Well, I appreciate all the info from all sides in here.

 

I'm super excited for flying and driving sim in Oculus, even if resolution isn't up to par quite yet.  

It definitely sounds like the immersion takes the experience in a new direction, so that's extremely exciting.

  • Author

How is the head tracking with the Rift? You know how TrackIR can sometimes lose track/cut out if you move too far away from the camera sensor? Does the Rift has this issue or does it track head movement differently?

Definitely check out this guys' videos..

 

 

https://www.youtube.com/user/mdbuehler/videos

 

 

They focus more on DCS, War Thunder, etc, but it's pretty impressive.

 

The Oculus plus his Helo stick/collective/pedals setup in the Huey looks totally awesome!

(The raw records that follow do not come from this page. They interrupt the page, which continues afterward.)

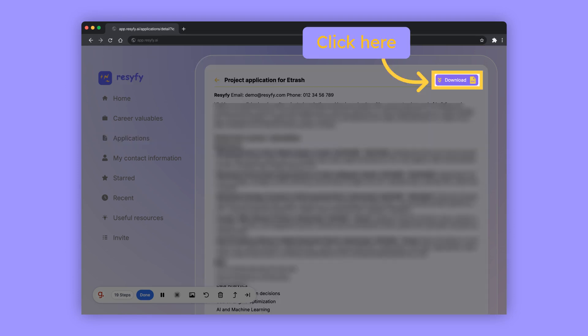Go ahead and download the application. Then, you can design or craft it further using resume builders and AI.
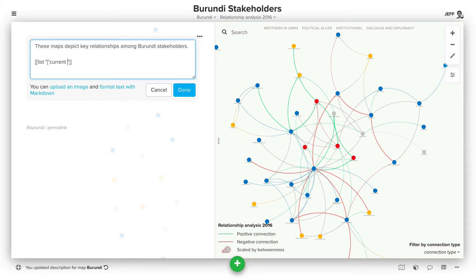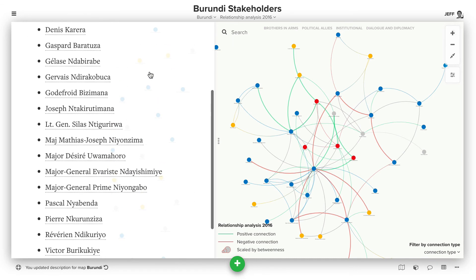So let's say the current party for us equals cndd-fdd. This is only going to create a list of those people who have the value cndd-fdd for the current party, and it's similar to a normal selector, except we have to use single quotes instead of double quotes within these brackets. Click done, and we'll see that list of people.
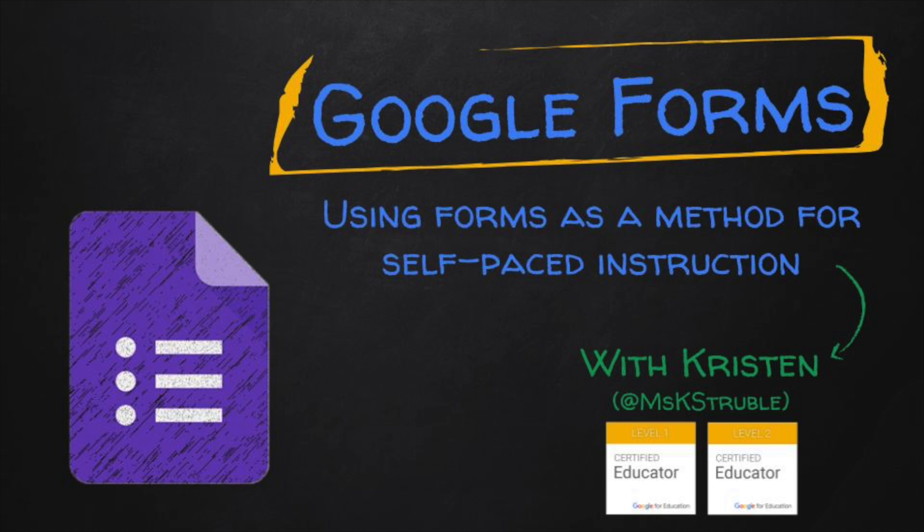We all know Forms as a great way to test students on what they know and understand, but what you might not realize is that it's also a great way to instruct your students.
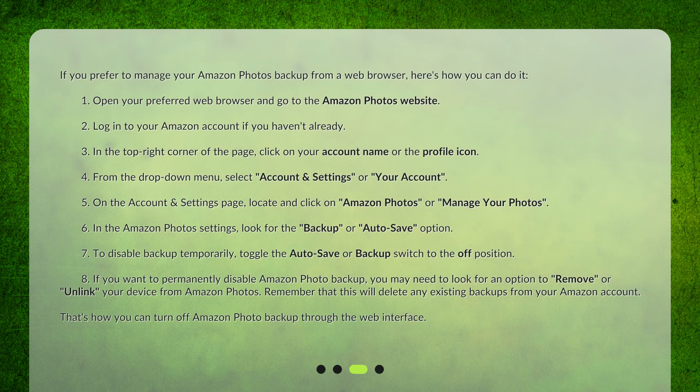Disabling Amazon Photo Backup on Web. If you prefer to manage your Amazon Photos Backup from a web browser, here's how you can do it. 1. Open your preferred web browser and go to the Amazon Photos website. 2. Log in to your Amazon account if you haven't already. 3. In the top right corner of the page, click on your account name or the profile icon.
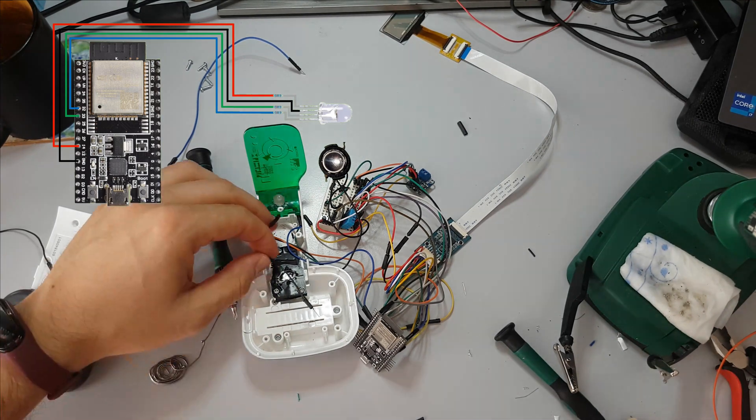Now that everything is connected let's hear if it still works. Great, it works.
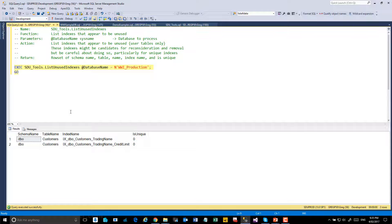And this is since the last time the server was started. So if you have only just started the server or it hasn't had any of its typical workload, then this should be considered just a high-level list of values to have a look at, but certainly not ones to just go and remove.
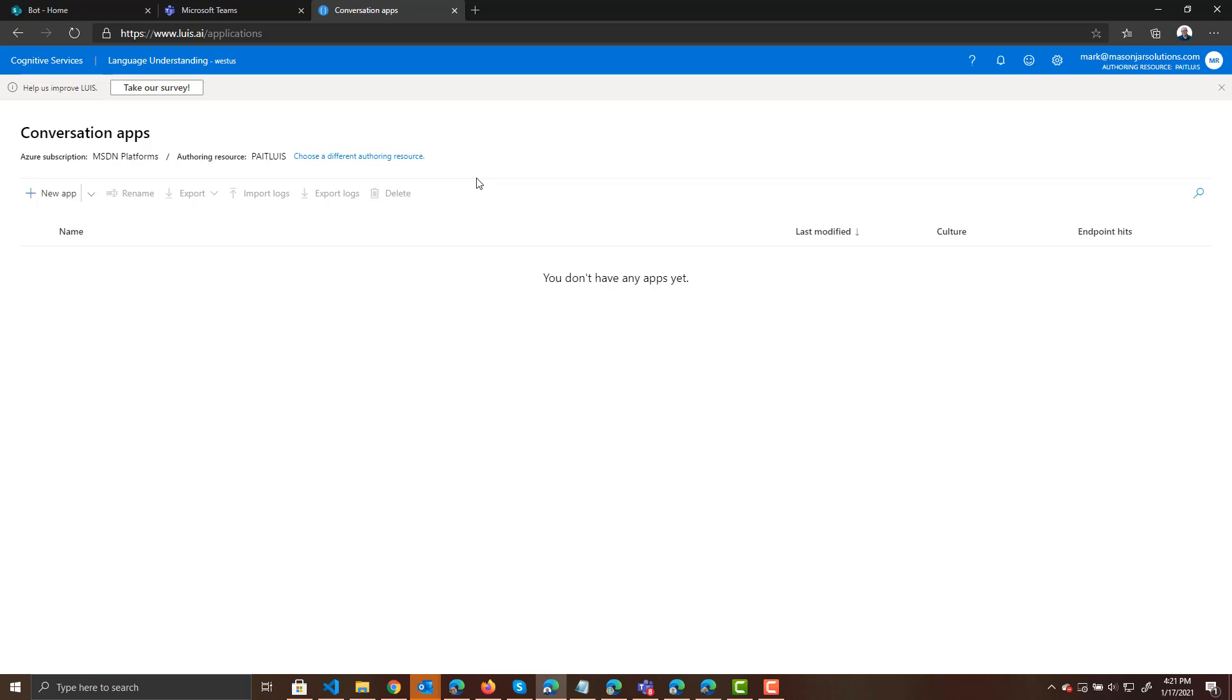So if a user says, I want to take a vacation, LUIS would say they're asking about vacations. Or if they say, hey, what are my benefits? LUIS could say they're asking about benefits. And these are called intents.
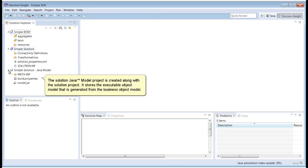The Solution Java model project is created along with the Solution Project. It stores the executable object model that is generated from the Business Object Model.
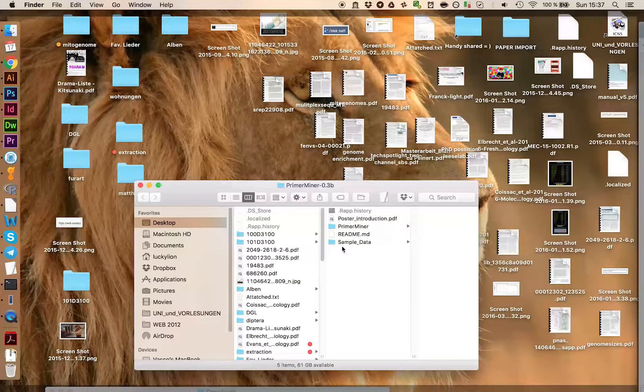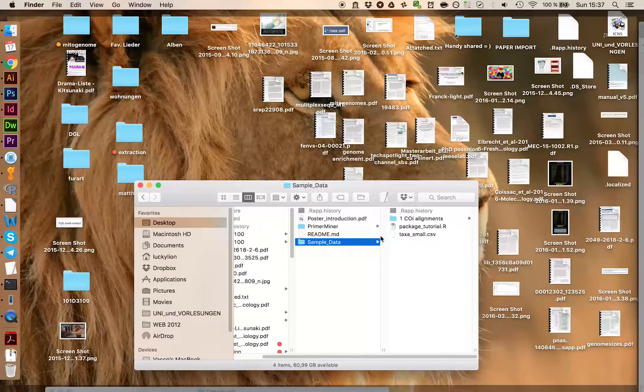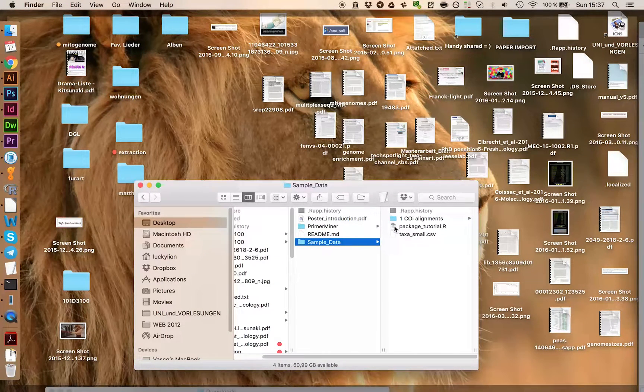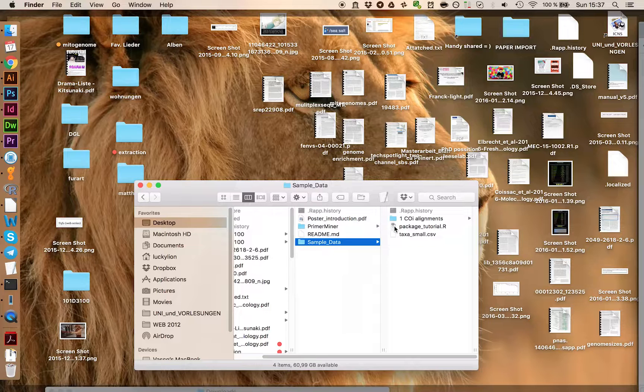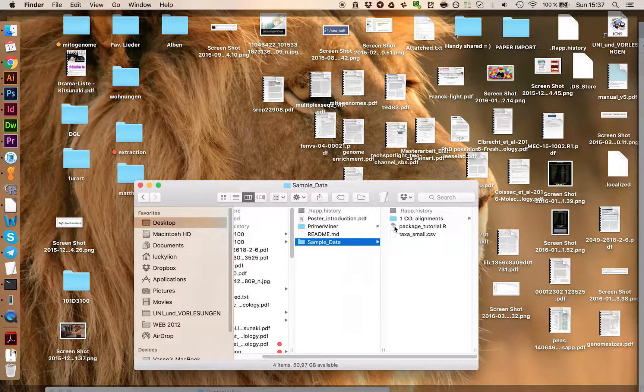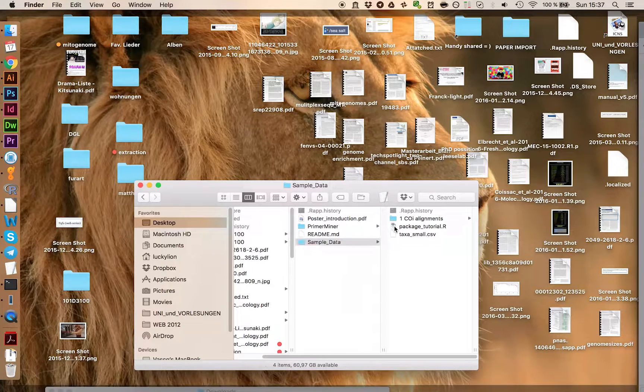Open the folder and go on sample data. Here you find the package tutorial which also includes the scripts to install PrimerMiner.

@J Van E -- It is "only" 100 degrees  (done with a Zoom factor of about 0.3) -  or so Field Of View that the pixels are spread over - not 360. Most of us with FlyInside at max res are not having problems reading the gauges - especially older "steam" gauges - except those with small fonts or hard to reach (like FMS CDUs) screens. Also, some of the Virtual Cockpits use textures for some indicators and others use vector drawn instruments - and the black on white has aliasing issues.  FlyInside can only use SMAA antialiasing for now since it is a post process shader concept. For example, to read all of the popup F1GTN750 screen, I place it near me - maybe a few feet away in the virtual cockpit off to my direct right and then toggle it on and off when I don't need it. Sure, more resolution would really help, but flying the F22 inside the Grand Canyon looks really good.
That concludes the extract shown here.